== Segment start ==
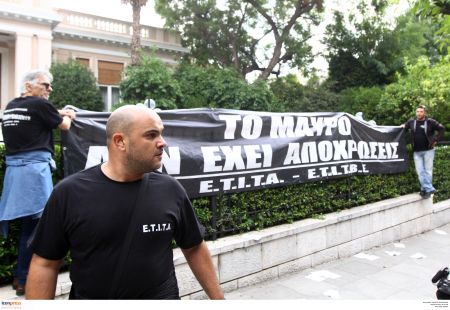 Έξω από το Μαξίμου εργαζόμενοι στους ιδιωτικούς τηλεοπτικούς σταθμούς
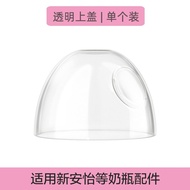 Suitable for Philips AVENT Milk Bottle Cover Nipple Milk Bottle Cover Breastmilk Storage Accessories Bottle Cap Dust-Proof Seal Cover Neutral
== Segment end ==
== Segment start ==
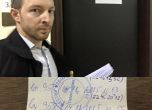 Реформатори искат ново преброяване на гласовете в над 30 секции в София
== Segment end ==
Quote the data above exactly from the line with "Έξω από το Μαξίμου" to the line with "Suitable for Philips", both ends counted, and nothing else. Pictures don't go in.

 Έξω από το Μαξίμου εργαζόμενοι στους ιδιωτικούς τηλεοπτικούς σταθμούς
 Suitable for Philips AVENT Milk Bottle Cover Nipple Milk Bottle Cover Breastmilk Storage Accessories Bottle Cap Dust-Proof Seal Cover Neutral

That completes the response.